__EXERCISE DETAILS__.
An exact copy of all the lines below is required, with every image left out.

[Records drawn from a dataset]
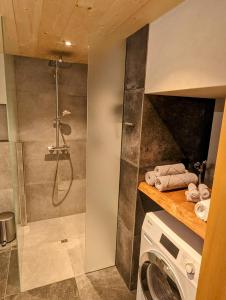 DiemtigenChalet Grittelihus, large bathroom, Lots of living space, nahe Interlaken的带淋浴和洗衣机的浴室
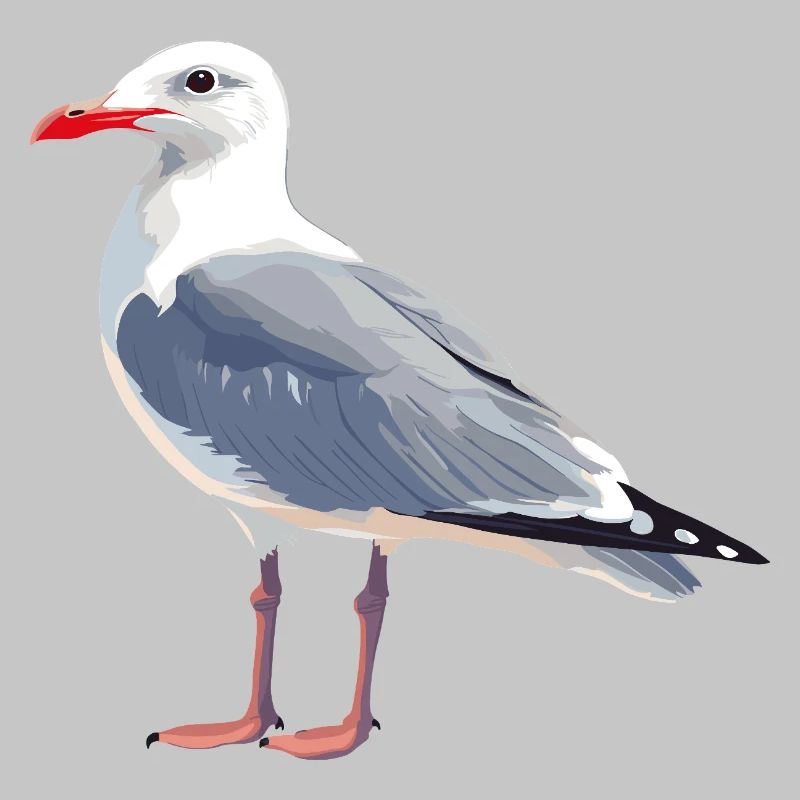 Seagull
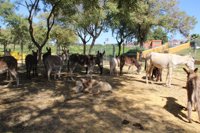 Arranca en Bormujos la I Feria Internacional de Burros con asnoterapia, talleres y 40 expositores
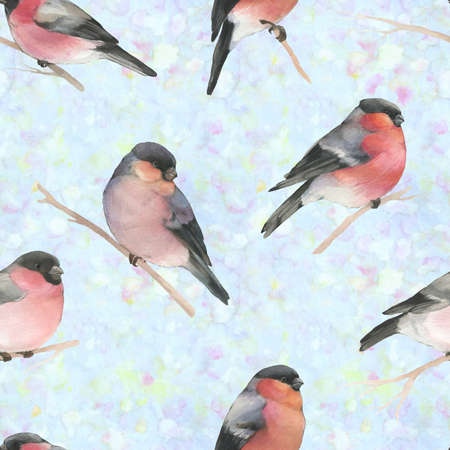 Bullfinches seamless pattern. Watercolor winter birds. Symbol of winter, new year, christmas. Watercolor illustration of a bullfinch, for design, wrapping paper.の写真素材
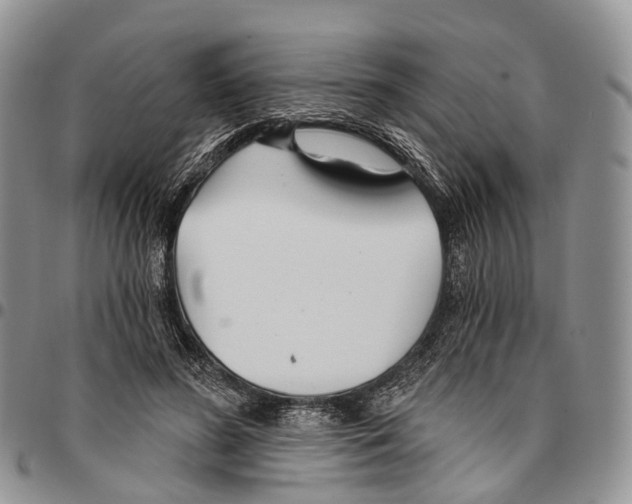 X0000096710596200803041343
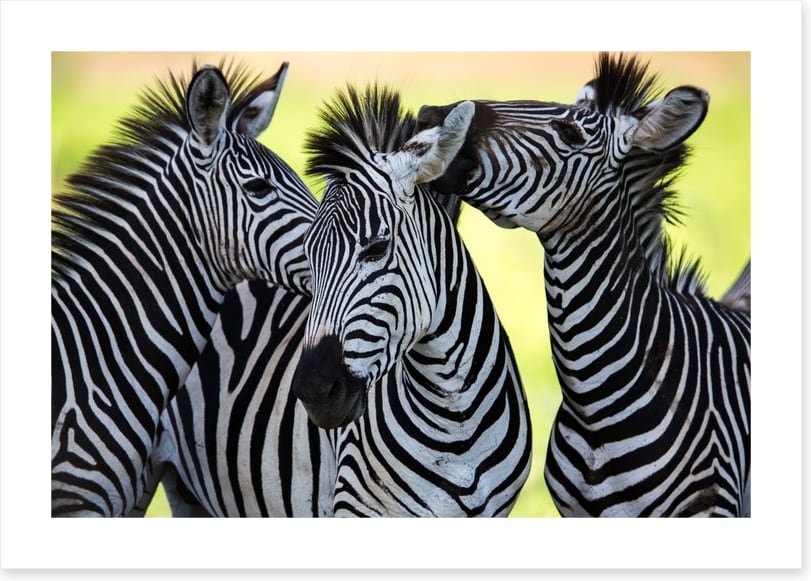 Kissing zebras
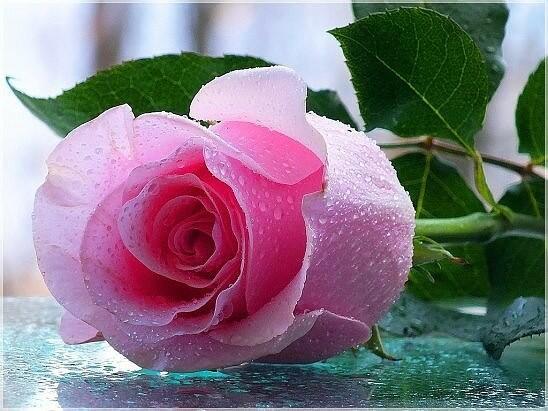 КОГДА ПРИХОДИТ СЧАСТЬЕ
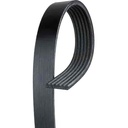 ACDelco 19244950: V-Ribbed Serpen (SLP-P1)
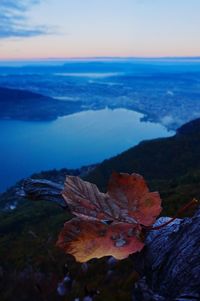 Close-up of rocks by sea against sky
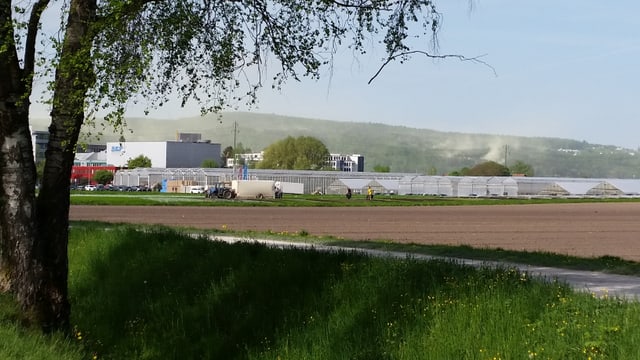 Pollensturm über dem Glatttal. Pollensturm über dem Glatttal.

__RESPONSE FOR THIS EXERCISE__.
 DiemtigenChalet Grittelihus, large bathroom, Lots of living space, nahe Interlaken的带淋浴和洗衣机的浴室
 Seagull
 Arranca en Bormujos la I Feria Internacional de Burros con asnoterapia, talleres y 40 expositores
 Bullfinches seamless pattern. Watercolor winter birds. Symbol of winter, new year, christmas. Watercolor illustration of a bullfinch, for design, wrapping paper.の写真素材
 X0000096710596200803041343
 Kissing zebras
 КОГДА ПРИХОДИТ СЧАСТЬЕ
 ACDelco 19244950: V-Ribbed Serpen (SLP-P1)
 Close-up of rocks by sea against sky
 Pollensturm über dem Glatttal. Pollensturm über dem Glatttal.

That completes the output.